[Extracted data entries]
■ ■ ■ ■

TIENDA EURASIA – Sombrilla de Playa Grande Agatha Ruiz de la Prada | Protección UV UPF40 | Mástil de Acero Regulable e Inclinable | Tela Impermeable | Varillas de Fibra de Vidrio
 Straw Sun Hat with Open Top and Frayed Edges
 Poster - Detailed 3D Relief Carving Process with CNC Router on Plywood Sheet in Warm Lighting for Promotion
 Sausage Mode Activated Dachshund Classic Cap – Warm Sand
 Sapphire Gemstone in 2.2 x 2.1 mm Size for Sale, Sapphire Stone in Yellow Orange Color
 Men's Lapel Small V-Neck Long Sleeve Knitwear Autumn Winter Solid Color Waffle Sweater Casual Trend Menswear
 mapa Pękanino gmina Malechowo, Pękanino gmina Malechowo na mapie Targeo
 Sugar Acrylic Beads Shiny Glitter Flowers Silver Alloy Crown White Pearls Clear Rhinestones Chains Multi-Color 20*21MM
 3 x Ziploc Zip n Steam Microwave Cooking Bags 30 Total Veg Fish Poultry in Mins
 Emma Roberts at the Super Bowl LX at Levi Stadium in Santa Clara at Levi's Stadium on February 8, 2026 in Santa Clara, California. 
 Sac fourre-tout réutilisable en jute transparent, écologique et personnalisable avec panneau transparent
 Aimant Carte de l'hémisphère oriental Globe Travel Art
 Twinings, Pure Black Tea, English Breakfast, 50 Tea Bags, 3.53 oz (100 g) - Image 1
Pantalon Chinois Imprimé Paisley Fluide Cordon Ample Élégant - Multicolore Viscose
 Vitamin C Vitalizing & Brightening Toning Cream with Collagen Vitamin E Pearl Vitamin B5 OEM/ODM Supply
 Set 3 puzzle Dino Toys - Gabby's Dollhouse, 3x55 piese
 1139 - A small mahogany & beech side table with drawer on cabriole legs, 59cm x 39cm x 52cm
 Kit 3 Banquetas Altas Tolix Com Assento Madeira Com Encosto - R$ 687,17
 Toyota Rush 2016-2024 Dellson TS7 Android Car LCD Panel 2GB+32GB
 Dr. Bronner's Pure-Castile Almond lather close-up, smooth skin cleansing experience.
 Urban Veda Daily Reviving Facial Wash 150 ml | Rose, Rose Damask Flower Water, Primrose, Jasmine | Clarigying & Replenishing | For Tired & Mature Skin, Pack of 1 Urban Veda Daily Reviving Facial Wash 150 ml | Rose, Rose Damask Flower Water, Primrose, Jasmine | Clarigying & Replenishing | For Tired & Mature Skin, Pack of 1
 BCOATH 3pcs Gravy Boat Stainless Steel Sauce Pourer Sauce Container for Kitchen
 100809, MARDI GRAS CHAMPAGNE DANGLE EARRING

■ ■ ■ ■

**Work instructions:** Search the entries above for "Pure". Show every line that has it.

**Solution to this problem:**
 Twinings, Pure Black Tea, English Breakfast, 50 Tea Bags, 3.53 oz (100 g) - Image 1
 Dr. Bronner's Pure-Castile Almond lather close-up, smooth skin cleansing experience.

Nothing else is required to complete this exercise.